Later in this paragraph (section III of the chapter), Marx
refers to Volume 1 (“Book 1”) and contrasts the irrational bourgeois concept of
value with the true understanding of surplus value.
To finish by returning to Engels’ introductory remarks: Yes,
Capital Volume 3 is important. It is not superfluous. Volume 3 is directly
helpful in the current circumstances of “Global Economic Meltdown” and “Debt
Crisis”. But Volume 3 does not render Volume 1 redundant. On the contrary,
Volume 3 relies upon and leans upon Volume 1 and constantly confirms Volume 1,
throughout.
The last Chapter of Capital Volume 3 is Chapter 52, “Classes”,
and it ends: “[Here the manuscript
breaks off.]”
Engels provided a supplement to Volume 3 which can be found
on MIA, here.
Picture: A
representation of the Christian “Holy Trinity”. “Pater”, “filius” and “spiritus sanctus” are Father, Son and
holy spirit (Holy Ghost), and “deus”
is God. “Est” means “is”, and “non est” means “is not”. These are “prima
facie” three impossible
combinations. If all are God, then it follows in logic that all must be the
same as each other; but the diagram says they are not the same as each other.
This is a logical “non sequitur”
(i.e. “it does not follow”).
Marx is not challenging Christianity. Christians may, as
some of them do, accept the Trinity as an article of faith, while others may
say (as do the Jesuits, for example) that the Trinity may be a mystery, but we
must constantly strive to understand it by reason.

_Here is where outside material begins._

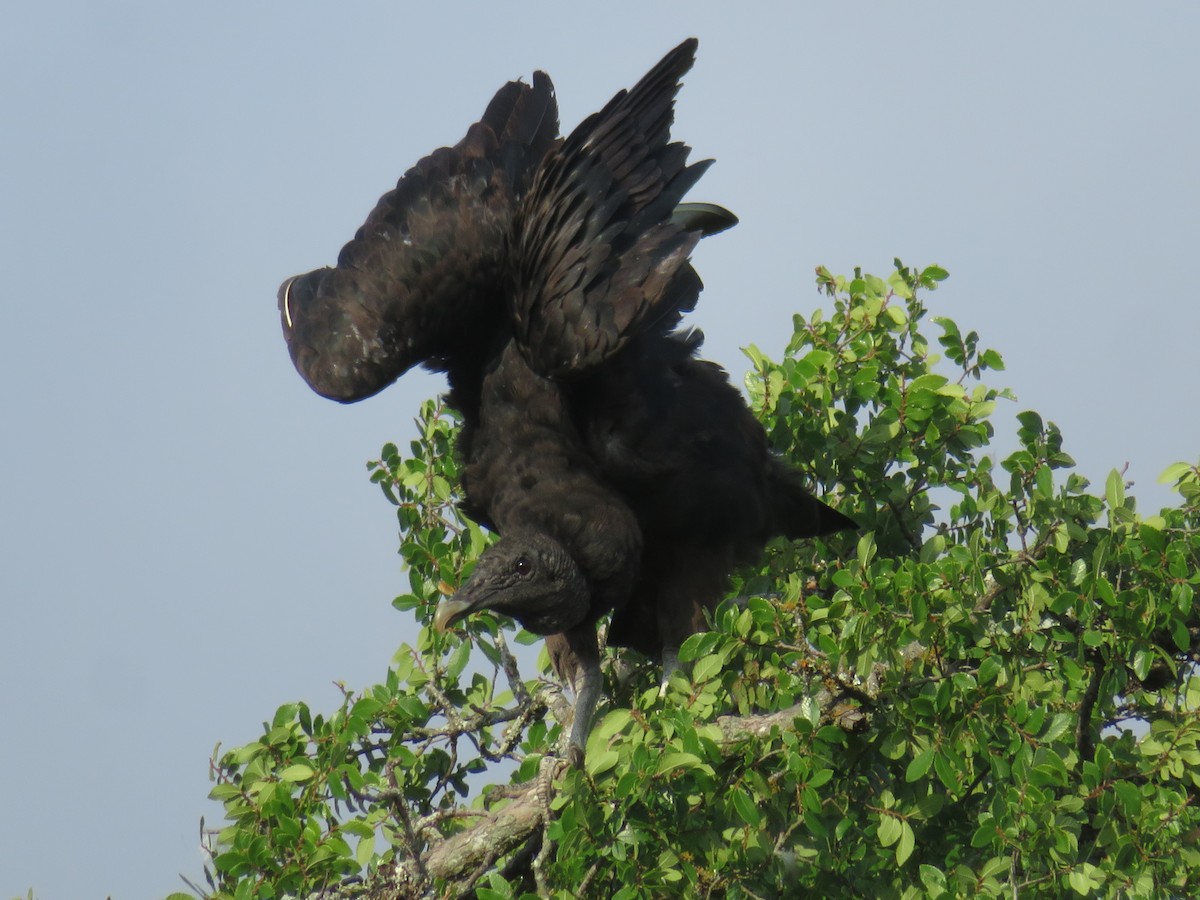 Black Vulture - ML619781615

Marx is rather saying that the Christian Trinity is not
reconcilable by logic, and the bourgeois Trinity of capital, land, and labour likewise
does not constitute three of a kind, and so, like the Christian Trinity, this
bourgeois Trinity it does not constitute a logical unity.
- The above is to introduce the original reading-text: Capital Volume
3, Chapter 48, The Trinity Formula.
- To download any of the CU courses in PDF files please click here.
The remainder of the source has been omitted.